Washington, 19, said he and Sofia liked to go on dinner and lunch dates. He said she loved going to a seafood restaurant on Devon Avenue.
They spontaneously went to a Romeo Santos concert in February, according to Washington. He said he surprised her with concert tickets on Valentine’s Day.
He and Sofia also spent time at spots around campus together and he remembers the exact table and booth where they sat in De Nobili Dining Hall, as well as a table on the St. Ignatius Community Plaza, which is between the dorms they lived at last year — Sofia lived at De Nobili Hall and Washington at San Francisco Hall.

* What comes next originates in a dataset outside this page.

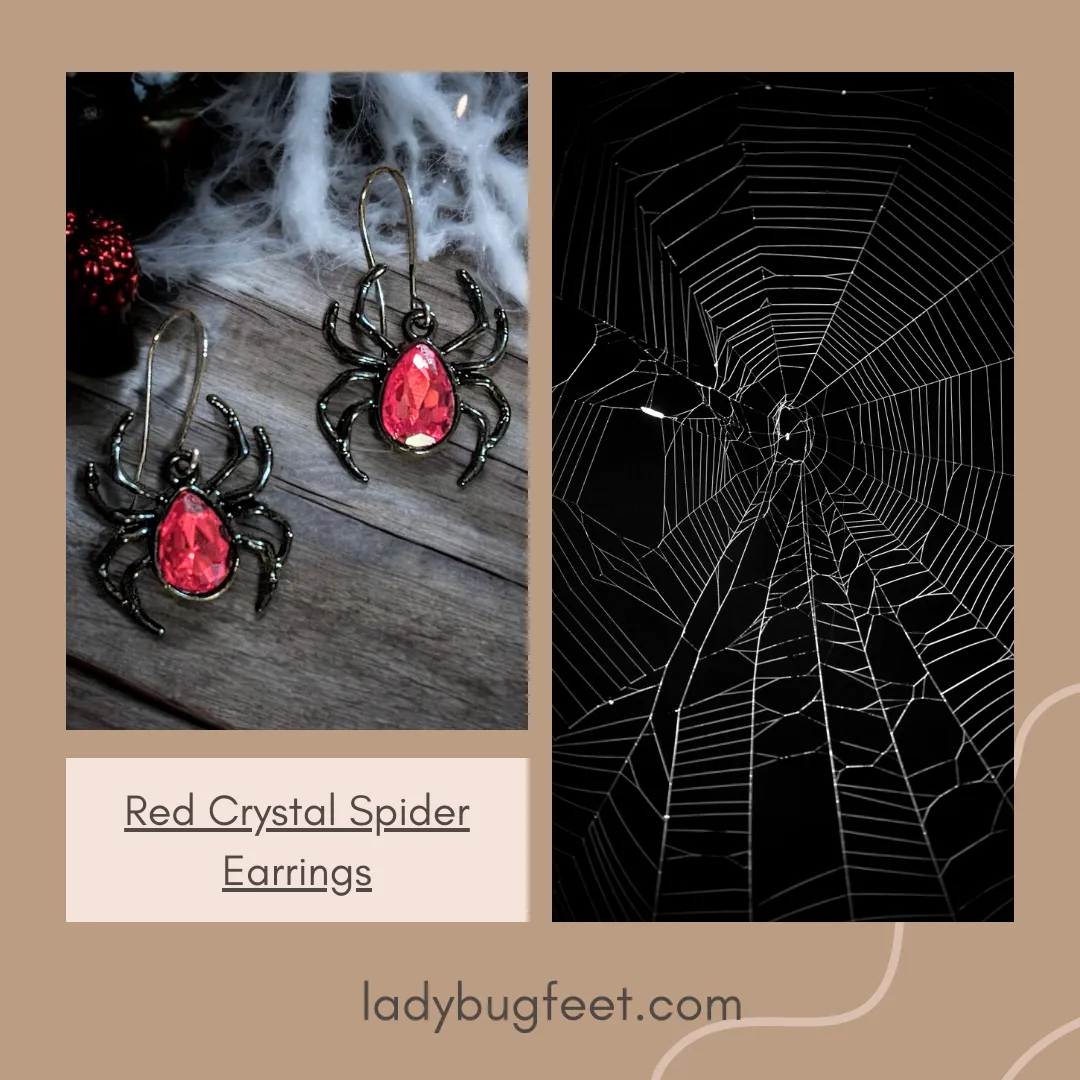 Red Crystal Spider Earrings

“I can’t be in the same places where I sat with her,” Washington said. “I used to sit in the second floor of the [Information Commons] with her, now I have to sit on the first.”
Washington said he can’t walk through the plaza without being reminded of her. He said he often looks at her old dorm room window in De Nobili Hall.
He said Sofia was a source of tranquility for many people.
“Just knowing her was enough,” Washington said. “Just interacting with her, you’d be filled with so much peace and not be stressed.”
Washington also remembered Sofia’s funny laugh.
“It was the type of laugh that would make you laugh — so contagious,” he said.
Washington said he has gone to the lake to cry several times. He said it reminds him of her and how peaceful she was, as well as one of the last days they spent together. He still keeps the polaroid he took of her that day in his wallet.
“She would want me to be strong,” Washington said. “She was so proactive and intelligent. No one could compare to how caring she was.”
Nayeli Cervantes, Sofia’s first-year roommate, said Sofia took care of her often.
“There was a day when I was sick and Sofia had a full day of classes, she went into the room to check on me during every break between her classes,” Cervantes, 19, said.
Cervantes, a sophomore studying social work, said she and Sofia were very close and liked to get milk tea at Kung Fu Tea and eat at different places along Devon Avenue.
Kevin Lee, a business professor at Loyola, said he taught Sofia for two semesters last year.
“She was a great kid,” Lee said. “She worked hard; [she was] quiet but confident, strong academically.”
Lee said after Sofia’s passing, he reread one of the papers she had submitted for his class last year, and was reminded of how passionate and hard working she was as a student.
“It’s just so well written, but more than that. The content. The thought she put into it,” Lee said. “Just to look at that kind of intelligence and that inquiring mind, that thirst for learning, not just from a textbook, but from those around her. I just feel like ‘boy, there was a wonderful person that was going to do wonderful things.’ It sure is a shame we lost her.”
Lee said Sofia’s desire to collaborate with others caused him to think about how students should treat each other.
“I think about the students I teach that need to be more compassionate with one another and more engaging with one another while we have the time and the opportunity,” Lee said.
Sofia’s passing has also changed the way people who knew her think about safety on the road.
Washington said it has reminded him to be cautious and more attentive while driving. Graciela said Sofia and her father took precautions while riding the motorcycle and she doesn’t think they committed an error.
Graciela said people need to be careful with their speed, avoid using phones and be careful of anything obstructing the driver’s view.
Washington said his sister picked him up from campus after she heard about the accident. She drove them both to Waukegan, Illinois, their hometown. During their drive, he said he paid extra attention to the road and made sure his sister drove carefully.
“Every time I see a motorcycle it reminds me of her, to not take life for granted,” he said.
Disclaimer: The interview with Graciela De La Fuente was conducted in Spanish and has been translated to English for this story.